Among ROCK inhibitors RKI-1447, Fasudil, Y-27632 and GSK-429286, only exposure to the Fasudil top concentration produced a slight (9%) reduction in the ATP content (Figure 2D).
Correlation Between the hSC-CM Characteristics
Changes in base impedance, beating rate and ATP described above were plotted on a three-dimensional surface to visualize potential interactions and compare short-(2 h) and long-term (24 h) effects of the kinase inhibitors on all three parameters. The resulting surface plots are shown in Figure 3 sorted according to the kinase class and specificity of the inhibitors: panels A, B, C and D show the results for the PI3K-pan, PI3K isoform-specific, GSK-3 and ROCK kinase inhibitors, respectively. The colors represent values within the same range in 20%-step intervals. The three-dimensional surface is constructed using the average values of parameter changes. In the absence of the effect the surface is perfectly flat, while morphology, smoothness, and topological measures of the surface allow us to visualize the parameter changes. When looking for trends and comparing compound-, target- or time-specific changes in the sets of data, this visualization was especially useful.

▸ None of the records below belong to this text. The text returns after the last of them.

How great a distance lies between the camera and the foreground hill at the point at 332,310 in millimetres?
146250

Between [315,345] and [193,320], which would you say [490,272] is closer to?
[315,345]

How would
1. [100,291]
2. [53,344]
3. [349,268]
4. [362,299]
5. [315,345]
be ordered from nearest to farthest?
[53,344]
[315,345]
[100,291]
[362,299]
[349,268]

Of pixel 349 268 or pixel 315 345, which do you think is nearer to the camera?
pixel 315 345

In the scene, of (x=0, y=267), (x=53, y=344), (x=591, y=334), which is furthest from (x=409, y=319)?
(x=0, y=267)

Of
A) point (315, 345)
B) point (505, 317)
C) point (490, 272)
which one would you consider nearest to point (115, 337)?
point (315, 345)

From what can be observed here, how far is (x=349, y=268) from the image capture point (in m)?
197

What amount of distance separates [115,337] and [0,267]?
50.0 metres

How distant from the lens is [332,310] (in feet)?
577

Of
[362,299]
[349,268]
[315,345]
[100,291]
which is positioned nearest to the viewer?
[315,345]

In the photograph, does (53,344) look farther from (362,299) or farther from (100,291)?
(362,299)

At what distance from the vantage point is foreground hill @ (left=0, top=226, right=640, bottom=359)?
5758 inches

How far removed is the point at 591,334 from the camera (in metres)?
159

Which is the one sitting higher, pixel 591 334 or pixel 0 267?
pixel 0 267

Figure 3. Surface plots for beating rate, base impedance and ATP measured in hSC-CMs after 2 and 24 h of incubation with kinase inhibitors. (A–D) show the results for the PI3K-pan, PI3K isoform-specific, GSK-3 and ROCK kinase inhibitors, respectively. Surface plots intend to show compound-specific relationships between individual functional parameters in hSC-CMs: beating rate, base impedance and ATP content. The plots are constructed using the average of 3–5 repeats for each parameter. Similar colors indicate the areas that are in the same range of values specified in the legend.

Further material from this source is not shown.